Thanks for the advice. First, am I correct in saying that the 'sweeping statement' you are referring to that I made is this one?
"...UK MRTs are hardly ever involved in rescue of actual climbers compared to hill walkers..."
If so, ok, I was being a bit over-zealous in my choice of language, I think the offending words being 'hardly ever' but I unconsciously corrected myself a bit after that with 'compared to hill walkers', which when I wrote it was my rather clumsily put point.
So I've done the research you advised me to do and here we go:
Mountain Rescue England and Wales Summary Report 2012 (second edition)
Covering MRTs in the Lake District, Mid Pennine, NE England, North Wales, Peak District, Peninsula, SW England, South Wales and Yorkshire Dales.

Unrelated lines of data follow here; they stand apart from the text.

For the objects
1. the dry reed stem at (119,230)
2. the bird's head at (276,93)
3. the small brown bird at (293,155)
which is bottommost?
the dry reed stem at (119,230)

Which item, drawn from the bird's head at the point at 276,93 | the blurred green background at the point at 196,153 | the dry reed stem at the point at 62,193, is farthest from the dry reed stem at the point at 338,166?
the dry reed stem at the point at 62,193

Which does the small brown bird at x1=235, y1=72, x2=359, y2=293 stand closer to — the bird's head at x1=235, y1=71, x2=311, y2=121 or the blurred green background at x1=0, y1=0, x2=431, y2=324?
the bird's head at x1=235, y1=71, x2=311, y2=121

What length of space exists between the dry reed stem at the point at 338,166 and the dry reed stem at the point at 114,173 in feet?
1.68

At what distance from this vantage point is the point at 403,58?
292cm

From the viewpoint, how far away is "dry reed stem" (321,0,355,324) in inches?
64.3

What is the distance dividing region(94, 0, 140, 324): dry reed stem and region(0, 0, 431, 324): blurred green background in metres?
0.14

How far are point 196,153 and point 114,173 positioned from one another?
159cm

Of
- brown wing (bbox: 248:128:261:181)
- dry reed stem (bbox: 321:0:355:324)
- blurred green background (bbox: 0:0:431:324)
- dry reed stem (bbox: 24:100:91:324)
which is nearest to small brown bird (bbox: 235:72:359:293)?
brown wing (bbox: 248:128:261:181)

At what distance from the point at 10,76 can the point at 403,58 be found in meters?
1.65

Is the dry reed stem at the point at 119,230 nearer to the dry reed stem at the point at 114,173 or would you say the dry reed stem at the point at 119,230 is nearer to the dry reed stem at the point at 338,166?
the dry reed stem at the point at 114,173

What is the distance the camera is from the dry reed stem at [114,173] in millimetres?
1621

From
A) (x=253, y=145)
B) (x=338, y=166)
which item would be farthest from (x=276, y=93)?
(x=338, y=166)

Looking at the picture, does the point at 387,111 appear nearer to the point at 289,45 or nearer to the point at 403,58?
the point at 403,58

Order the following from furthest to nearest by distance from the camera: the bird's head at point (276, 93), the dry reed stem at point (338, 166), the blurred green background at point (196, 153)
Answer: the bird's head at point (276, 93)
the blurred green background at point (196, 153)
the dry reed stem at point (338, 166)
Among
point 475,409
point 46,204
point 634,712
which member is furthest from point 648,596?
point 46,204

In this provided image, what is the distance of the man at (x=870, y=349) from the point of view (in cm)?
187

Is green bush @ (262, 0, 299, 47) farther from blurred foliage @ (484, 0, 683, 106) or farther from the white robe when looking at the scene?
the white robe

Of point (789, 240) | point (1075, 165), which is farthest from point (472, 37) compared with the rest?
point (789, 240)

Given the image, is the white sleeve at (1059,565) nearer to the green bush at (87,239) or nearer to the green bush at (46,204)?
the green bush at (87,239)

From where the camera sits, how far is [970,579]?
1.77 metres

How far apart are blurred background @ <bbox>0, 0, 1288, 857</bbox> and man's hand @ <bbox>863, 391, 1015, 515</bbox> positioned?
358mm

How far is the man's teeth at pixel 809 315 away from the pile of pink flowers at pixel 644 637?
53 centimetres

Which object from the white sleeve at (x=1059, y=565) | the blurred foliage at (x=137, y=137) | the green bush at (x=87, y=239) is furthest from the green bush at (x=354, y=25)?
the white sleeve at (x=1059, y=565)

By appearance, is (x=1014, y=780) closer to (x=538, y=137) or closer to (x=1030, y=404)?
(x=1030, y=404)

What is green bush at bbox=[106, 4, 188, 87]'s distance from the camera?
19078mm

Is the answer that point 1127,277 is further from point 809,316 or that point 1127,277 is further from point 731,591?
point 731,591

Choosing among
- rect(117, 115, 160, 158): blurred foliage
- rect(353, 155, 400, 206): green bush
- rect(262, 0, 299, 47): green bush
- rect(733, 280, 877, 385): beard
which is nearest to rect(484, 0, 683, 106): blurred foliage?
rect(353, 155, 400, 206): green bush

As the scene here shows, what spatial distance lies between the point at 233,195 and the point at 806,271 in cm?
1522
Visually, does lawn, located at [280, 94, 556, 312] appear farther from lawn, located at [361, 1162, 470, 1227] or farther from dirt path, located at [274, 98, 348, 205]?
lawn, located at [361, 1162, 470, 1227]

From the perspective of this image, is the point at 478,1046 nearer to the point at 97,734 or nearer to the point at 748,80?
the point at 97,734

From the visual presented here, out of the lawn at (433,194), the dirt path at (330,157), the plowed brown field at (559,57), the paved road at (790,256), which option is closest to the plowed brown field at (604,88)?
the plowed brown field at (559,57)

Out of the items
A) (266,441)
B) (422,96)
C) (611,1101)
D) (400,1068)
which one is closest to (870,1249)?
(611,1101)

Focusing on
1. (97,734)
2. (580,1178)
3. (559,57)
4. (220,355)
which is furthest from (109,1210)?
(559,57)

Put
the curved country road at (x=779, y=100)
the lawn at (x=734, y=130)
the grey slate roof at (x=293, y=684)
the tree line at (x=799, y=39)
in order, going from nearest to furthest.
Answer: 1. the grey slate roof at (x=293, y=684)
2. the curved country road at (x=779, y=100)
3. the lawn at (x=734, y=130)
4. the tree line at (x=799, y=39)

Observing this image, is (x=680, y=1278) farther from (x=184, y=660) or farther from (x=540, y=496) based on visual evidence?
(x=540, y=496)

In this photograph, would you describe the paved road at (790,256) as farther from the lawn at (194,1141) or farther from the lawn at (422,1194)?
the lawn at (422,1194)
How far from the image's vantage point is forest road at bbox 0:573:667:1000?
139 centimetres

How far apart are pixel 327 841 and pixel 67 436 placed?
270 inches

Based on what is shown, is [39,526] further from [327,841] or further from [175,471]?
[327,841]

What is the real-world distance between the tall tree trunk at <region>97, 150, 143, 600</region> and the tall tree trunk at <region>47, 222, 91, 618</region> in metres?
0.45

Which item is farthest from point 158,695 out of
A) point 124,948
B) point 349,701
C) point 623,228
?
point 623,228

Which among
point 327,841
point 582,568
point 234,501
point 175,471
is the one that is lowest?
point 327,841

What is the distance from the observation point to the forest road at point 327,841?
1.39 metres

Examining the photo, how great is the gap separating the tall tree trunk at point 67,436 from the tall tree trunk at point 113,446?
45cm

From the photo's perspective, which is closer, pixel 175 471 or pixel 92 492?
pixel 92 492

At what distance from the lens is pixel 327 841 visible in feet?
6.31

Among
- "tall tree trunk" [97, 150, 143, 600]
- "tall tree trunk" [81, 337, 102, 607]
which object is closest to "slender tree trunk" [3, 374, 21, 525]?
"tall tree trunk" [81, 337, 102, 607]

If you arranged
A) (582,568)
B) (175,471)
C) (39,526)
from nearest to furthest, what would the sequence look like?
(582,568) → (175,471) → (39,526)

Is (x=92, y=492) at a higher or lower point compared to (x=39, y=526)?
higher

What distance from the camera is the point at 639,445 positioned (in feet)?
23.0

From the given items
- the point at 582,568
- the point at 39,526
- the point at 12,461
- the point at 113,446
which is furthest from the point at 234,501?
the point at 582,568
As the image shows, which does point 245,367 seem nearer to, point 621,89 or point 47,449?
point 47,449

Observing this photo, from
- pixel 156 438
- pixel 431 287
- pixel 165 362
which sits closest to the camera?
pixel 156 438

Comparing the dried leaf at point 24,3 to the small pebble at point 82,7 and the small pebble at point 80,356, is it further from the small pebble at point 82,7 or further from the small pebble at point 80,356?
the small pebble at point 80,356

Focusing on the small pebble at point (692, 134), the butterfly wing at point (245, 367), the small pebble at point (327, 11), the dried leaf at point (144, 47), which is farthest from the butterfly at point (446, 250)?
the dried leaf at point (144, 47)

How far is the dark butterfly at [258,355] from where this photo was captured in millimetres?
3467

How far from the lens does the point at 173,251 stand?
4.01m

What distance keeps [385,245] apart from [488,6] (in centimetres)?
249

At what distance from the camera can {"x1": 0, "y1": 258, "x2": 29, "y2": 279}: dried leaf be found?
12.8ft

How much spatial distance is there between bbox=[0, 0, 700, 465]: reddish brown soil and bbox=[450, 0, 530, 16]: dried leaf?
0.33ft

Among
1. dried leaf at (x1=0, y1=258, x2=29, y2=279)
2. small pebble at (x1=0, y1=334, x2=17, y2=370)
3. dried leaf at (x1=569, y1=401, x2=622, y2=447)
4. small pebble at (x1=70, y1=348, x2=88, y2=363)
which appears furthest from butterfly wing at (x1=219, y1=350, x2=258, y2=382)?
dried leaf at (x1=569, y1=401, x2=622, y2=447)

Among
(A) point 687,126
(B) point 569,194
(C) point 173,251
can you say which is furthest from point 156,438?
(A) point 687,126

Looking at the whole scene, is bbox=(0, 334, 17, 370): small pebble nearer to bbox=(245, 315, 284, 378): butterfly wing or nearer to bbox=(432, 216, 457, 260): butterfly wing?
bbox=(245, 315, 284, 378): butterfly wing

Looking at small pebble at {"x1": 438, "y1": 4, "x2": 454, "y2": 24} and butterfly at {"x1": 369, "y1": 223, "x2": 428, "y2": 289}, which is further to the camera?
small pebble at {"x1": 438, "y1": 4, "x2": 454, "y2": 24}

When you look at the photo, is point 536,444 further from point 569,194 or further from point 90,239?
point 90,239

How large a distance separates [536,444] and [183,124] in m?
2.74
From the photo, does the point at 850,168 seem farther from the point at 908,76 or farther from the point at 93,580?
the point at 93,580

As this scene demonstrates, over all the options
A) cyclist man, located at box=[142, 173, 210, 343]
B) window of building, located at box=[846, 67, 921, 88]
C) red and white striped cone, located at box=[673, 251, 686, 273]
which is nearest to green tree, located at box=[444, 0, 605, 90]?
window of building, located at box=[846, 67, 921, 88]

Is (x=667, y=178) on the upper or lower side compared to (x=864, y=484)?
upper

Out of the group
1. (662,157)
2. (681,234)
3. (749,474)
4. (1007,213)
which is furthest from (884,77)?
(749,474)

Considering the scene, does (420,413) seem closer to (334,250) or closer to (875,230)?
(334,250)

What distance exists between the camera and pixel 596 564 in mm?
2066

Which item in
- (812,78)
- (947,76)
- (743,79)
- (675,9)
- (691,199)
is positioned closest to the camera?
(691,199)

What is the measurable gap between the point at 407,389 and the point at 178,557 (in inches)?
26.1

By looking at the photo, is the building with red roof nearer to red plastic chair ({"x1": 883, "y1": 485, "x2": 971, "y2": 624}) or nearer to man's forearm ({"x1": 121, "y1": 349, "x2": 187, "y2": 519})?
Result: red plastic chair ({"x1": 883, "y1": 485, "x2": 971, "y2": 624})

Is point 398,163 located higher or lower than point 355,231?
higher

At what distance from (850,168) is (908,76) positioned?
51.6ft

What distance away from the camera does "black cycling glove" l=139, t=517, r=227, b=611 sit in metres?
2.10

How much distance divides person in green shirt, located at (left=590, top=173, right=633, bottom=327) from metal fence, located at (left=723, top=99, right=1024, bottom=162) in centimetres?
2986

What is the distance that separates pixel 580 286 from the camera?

Page 4 - using the Incidents data rather than Subjects there were of the 100% of incidents recorded:
Hill Walking (Winter)DoE 0.1%
Hill Walking (3-season) 67.4%
Hill Walking (Winter) 4.1%
Rock Climbing (Roped) 3.8%
Rock Climbing (unroped) 1.0%
Rock Scrambling 5.5%
You can download it here:
http://www.mountain.rescue.org.uk/information-centre/incident-statistics
In Scotland what I could find out was as follows but only for 2011 from the Scottish Mountain Rescue, Glenmore, Aviemore, Inverness-shire Incident Statistics Report on this URL:
http://www.mountainrescuescotland.org/wp-content/uploads/2012/07/Annual-Rep...
Page 10:
Table 3: Number of Incidents in each Mountaineering Activity Category:
Activity Number of incidents
Hillwalking Summer 242
Hillwalking Winter 61
Rock Climbing 13
Snow/Ice Climbing 33
Scrambling 4
Mountain Rescue 2
Others 6
Total defined 361
Hillwalkers 83.93% of total
Climbers 12.74%
So, I humbly apologise for using the words 'hardly ever' in my unjustified and opinionated sweeping statement, but I am glad to see that my initially unsupported underlying point that MRTs rescue vastly more Hillwalkers than Climbers on an annual UK-wide basis was not far off.